- Activity
Exact copies of all the entries are required, and no pictures should appear in them.

- Dataset records
»»
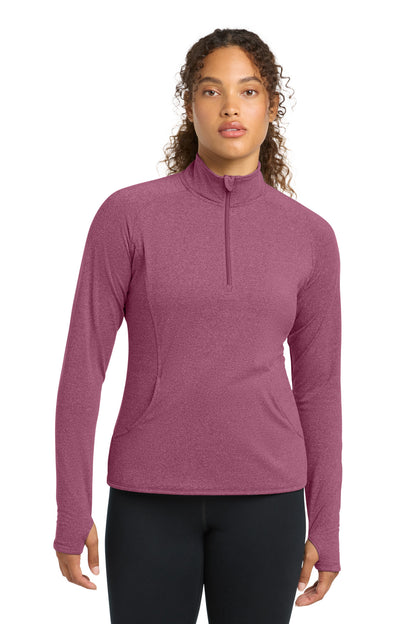 Front View of Pink Rush Hthr Sport-Tek Women's Sport-Wick Stretch 1/4-Zip Pullover. LST850 plain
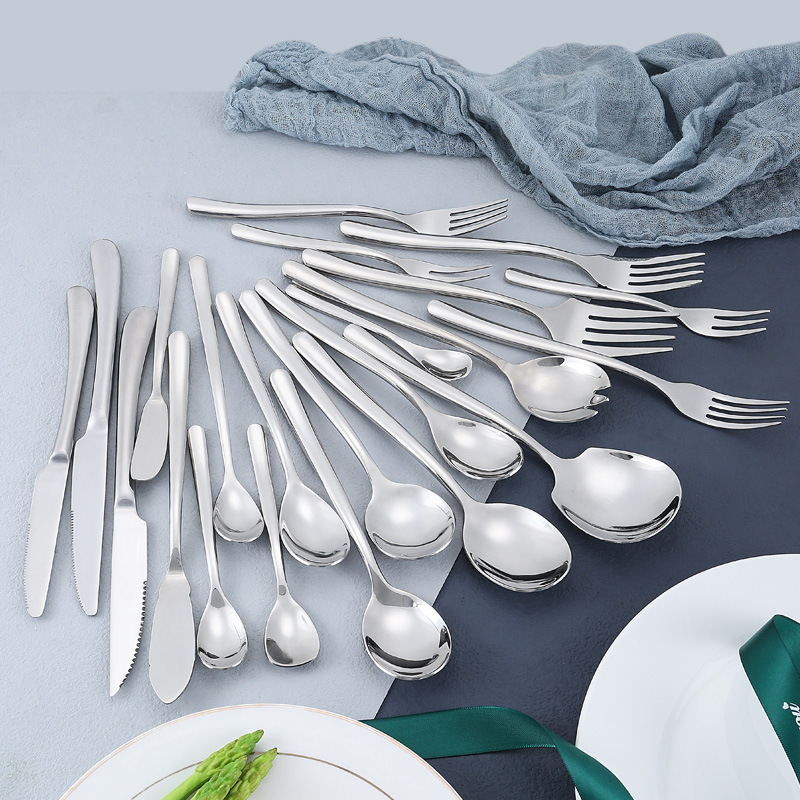 Amazon Moonlight Acero inoxidable vajilla occidental cuchillo, tenedor y cuchara restaurante comida occidental cuchara tenedor agitación café postre cuchara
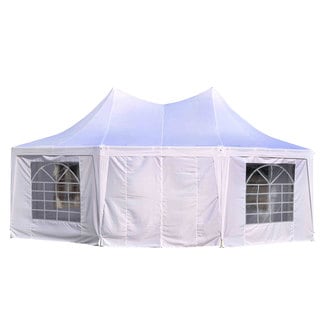 Outsunny White 22-inch x 16-inch Large Octagon 8-wall Party Canopy Gazebo Tent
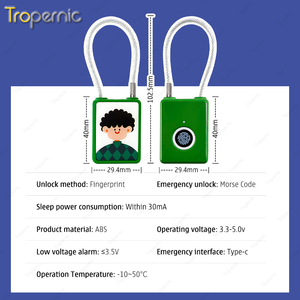 Portable Keyless Smart Rechargeable Electric Lock Security Children Padlocks With Fingerprint Security Lock With <strong>Key</strong> for Bag - Product Image 5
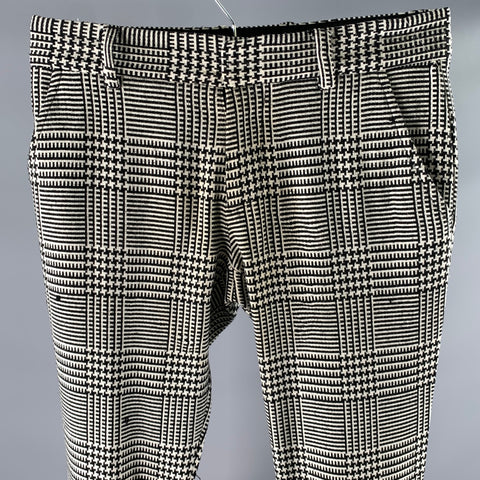 MR TURK Size 30 White Black Glen Check Polyester Blend Slim Fit Pants
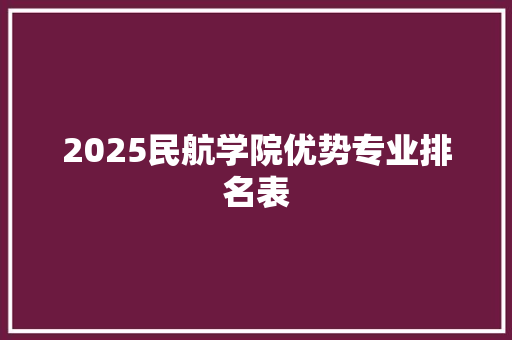 2025民航学院优势专业排名表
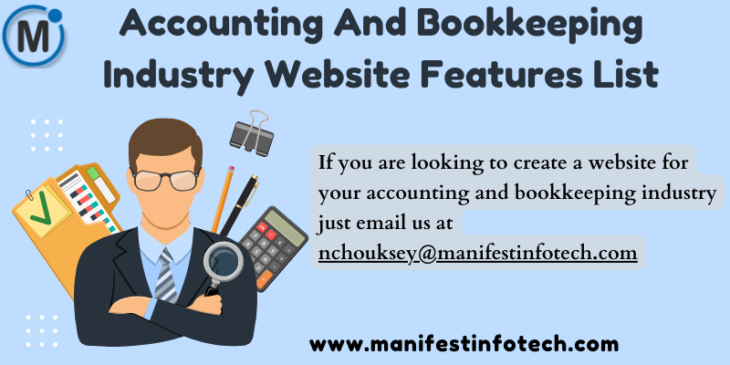 Infographic of features for an accounting and bookkeeping website, including services, tools, client portals, and resources.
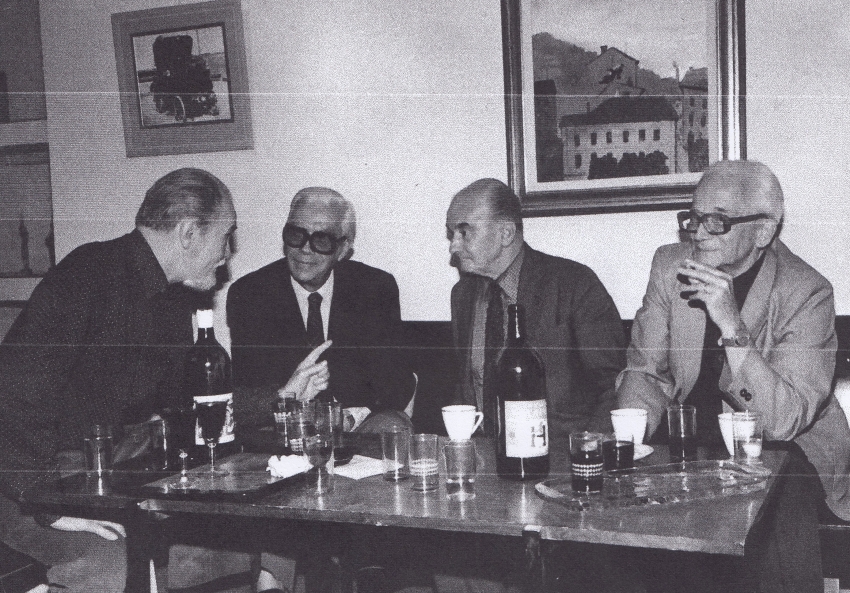 Kamil Lhoták s přáteli, zcela vpravo Adolf Branald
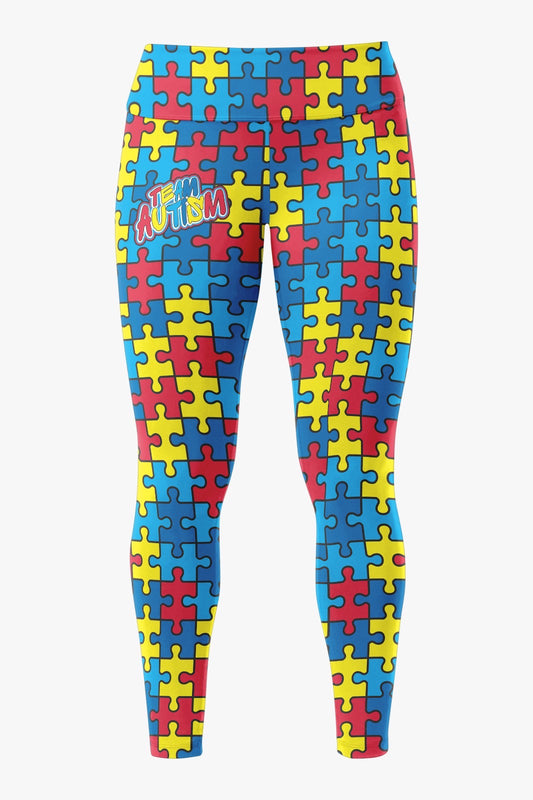 Women's Team Autism Performance Leggings ~ Colorful Puzzle Pieces
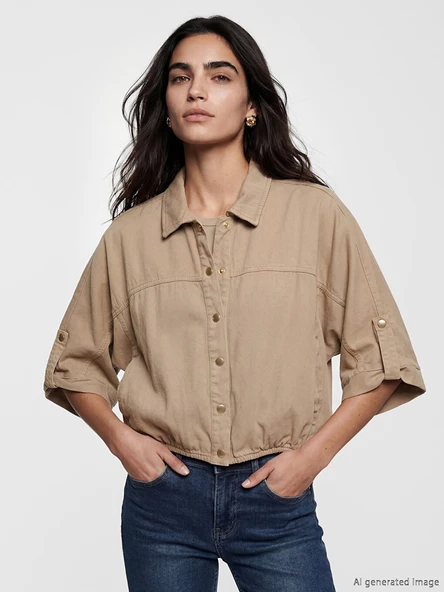 LCW Vision Bej Oversize Kadın Jean Gömlek ürün görseli 1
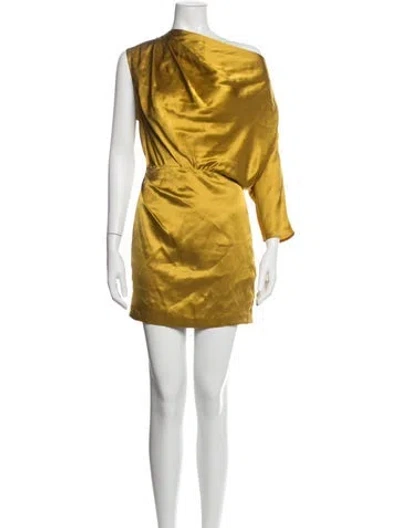 Pre-owned Michelle Mason Silk Mini Dress In Yellow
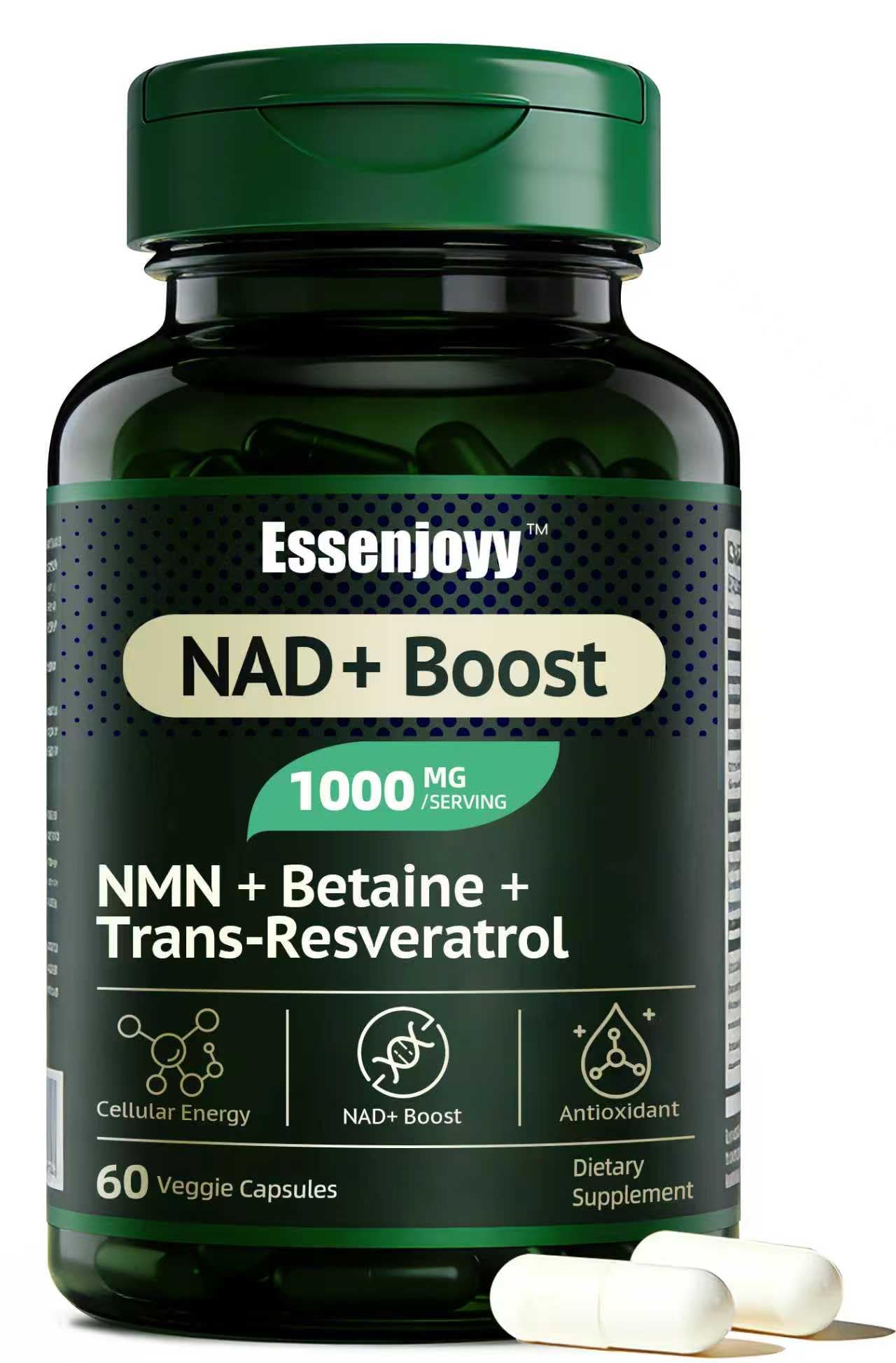 ESSENJOYY NAD+ Boost Supplement with NMN, Trans-Resveratrol & Betaine (TMG) 1000mg Blend 60 Capsules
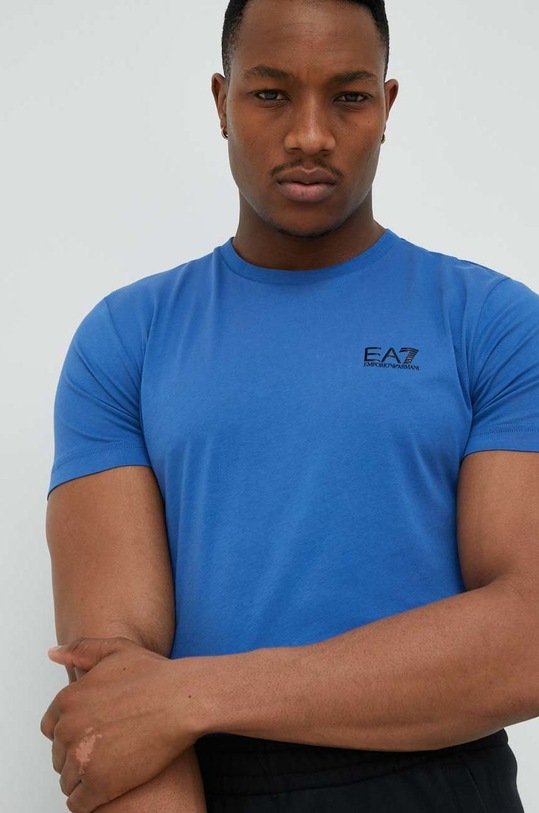 Бавовняна футболка EA7 Emporio Armani блакитний 8NPT51.PJM9Z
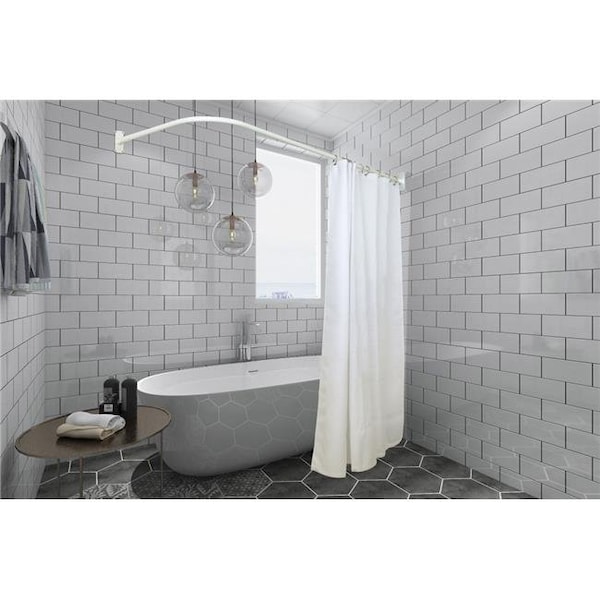 Utopia Alley Utopia Alley LR1WW Rustproof L Shaped Corner Shower Curtain Rod; White LR1WW - main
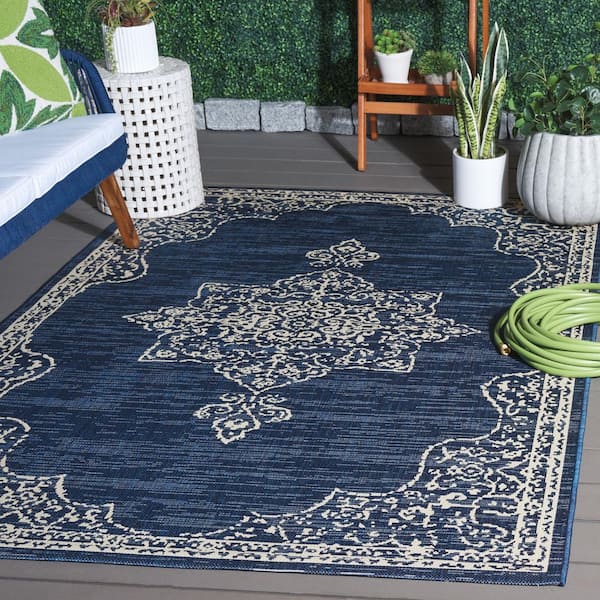 Courtyard Navy/Ivory 8 ft. x 10 ft. Orante Medallion Border Indoor/Outdoor Area Rug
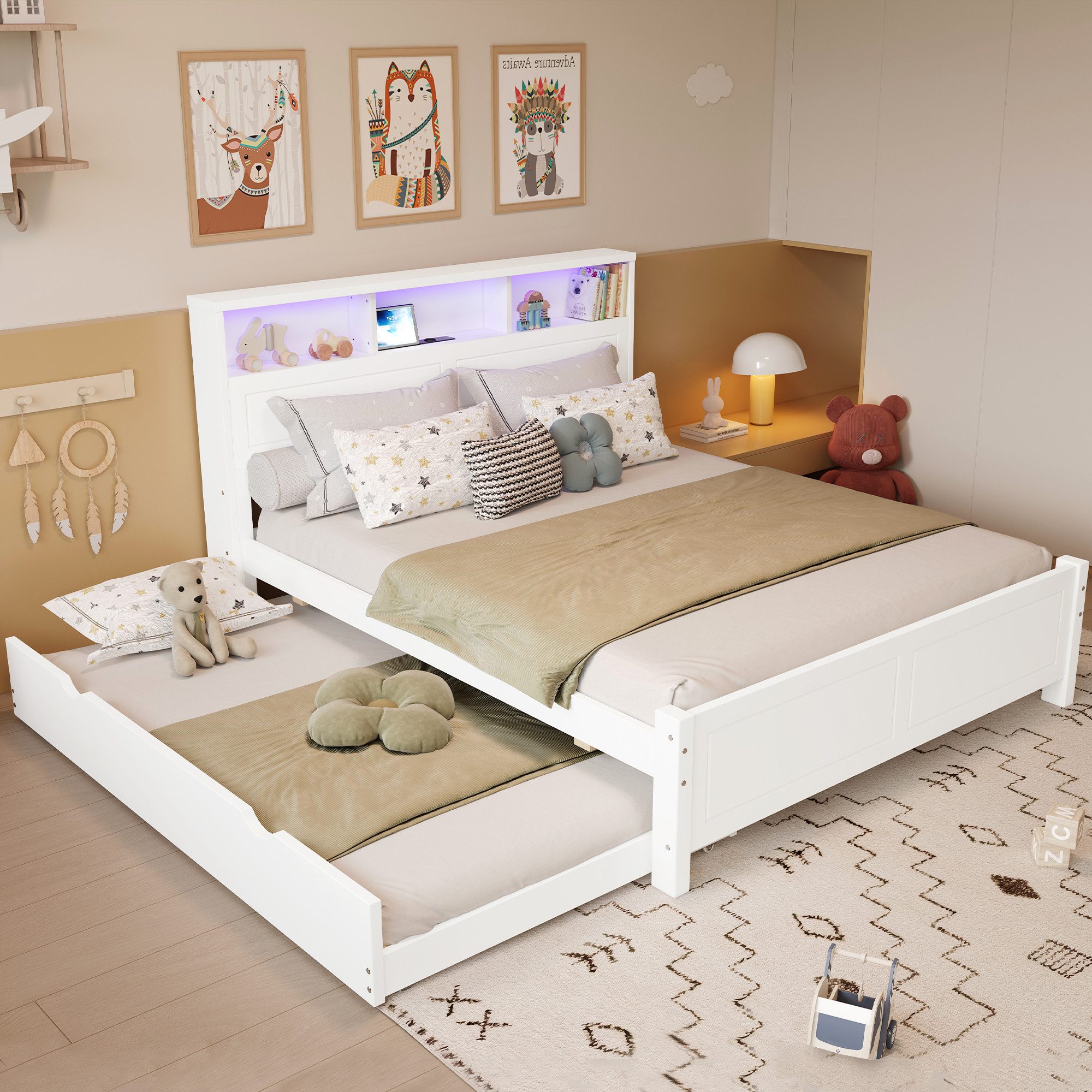 Flieks Holzbett, Kinderbett 120x200cm mit Ladefunktion günstig online kaufen
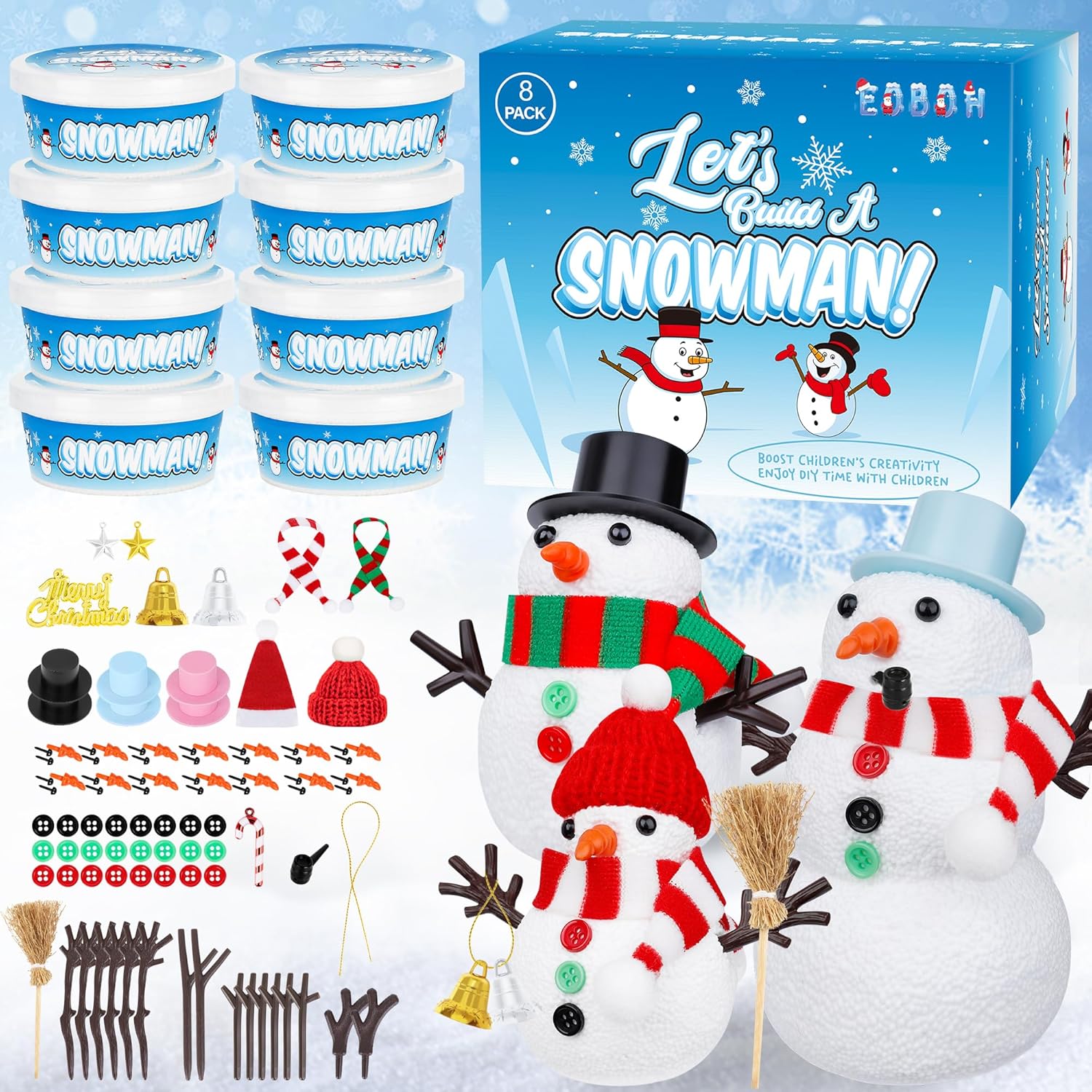 Christmas Craft Kit, 8 Pack Snowman Kit DIY Christmas Ornaments, Build a Snowman Kit Indoor Decorations, Creative Kids Air Dry Modeling Clay, Xmas Activities Snowman Making Kit Toys for Holiday Christmas Craft Kit, 8 Pack Snowman Kit DIY Christmas Ornaments, Build a Snowman Kit Indoor Decorations, Creative Kids Air Dry Modeling Clay, Xmas Activities Snowman Making Kit Toys for Holiday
««
- Exercise output
 Front View of Pink Rush Hthr Sport-Tek Women's Sport-Wick Stretch 1/4-Zip Pullover. LST850 plain
 Amazon Moonlight Acero inoxidable vajilla occidental cuchillo, tenedor y cuchara restaurante comida occidental cuchara tenedor agitación café postre cuchara
 Outsunny White 22-inch x 16-inch Large Octagon 8-wall Party Canopy Gazebo Tent
 Portable Keyless Smart Rechargeable Electric Lock Security Children Padlocks With Fingerprint Security Lock With <strong>Key</strong> for Bag - Product Image 5
 MR TURK Size 30 White Black Glen Check Polyester Blend Slim Fit Pants
 2025民航学院优势专业排名表
 Infographic of features for an accounting and bookkeeping website, including services, tools, client portals, and resources.
 Kamil Lhoták s přáteli, zcela vpravo Adolf Branald
 Women's Team Autism Performance Leggings ~ Colorful Puzzle Pieces
 LCW Vision Bej Oversize Kadın Jean Gömlek ürün görseli 1
 Pre-owned Michelle Mason Silk Mini Dress In Yellow
 ESSENJOYY NAD+ Boost Supplement with NMN, Trans-Resveratrol & Betaine (TMG) 1000mg Blend 60 Capsules
 Бавовняна футболка EA7 Emporio Armani блакитний 8NPT51.PJM9Z
 Utopia Alley Utopia Alley LR1WW Rustproof L Shaped Corner Shower Curtain Rod; White LR1WW - main
 Courtyard Navy/Ivory 8 ft. x 10 ft. Orante Medallion Border Indoor/Outdoor Area Rug
 Flieks Holzbett, Kinderbett 120x200cm mit Ladefunktion günstig online kaufen
 Christmas Craft Kit, 8 Pack Snowman Kit DIY Christmas Ornaments, Build a Snowman Kit Indoor Decorations, Creative Kids Air Dry Modeling Clay, Xmas Activities Snowman Making Kit Toys for Holiday Christmas Craft Kit, 8 Pack Snowman Kit DIY Christmas Ornaments, Build a Snowman Kit Indoor Decorations, Creative Kids Air Dry Modeling Clay, Xmas Activities Snowman Making Kit Toys for Holiday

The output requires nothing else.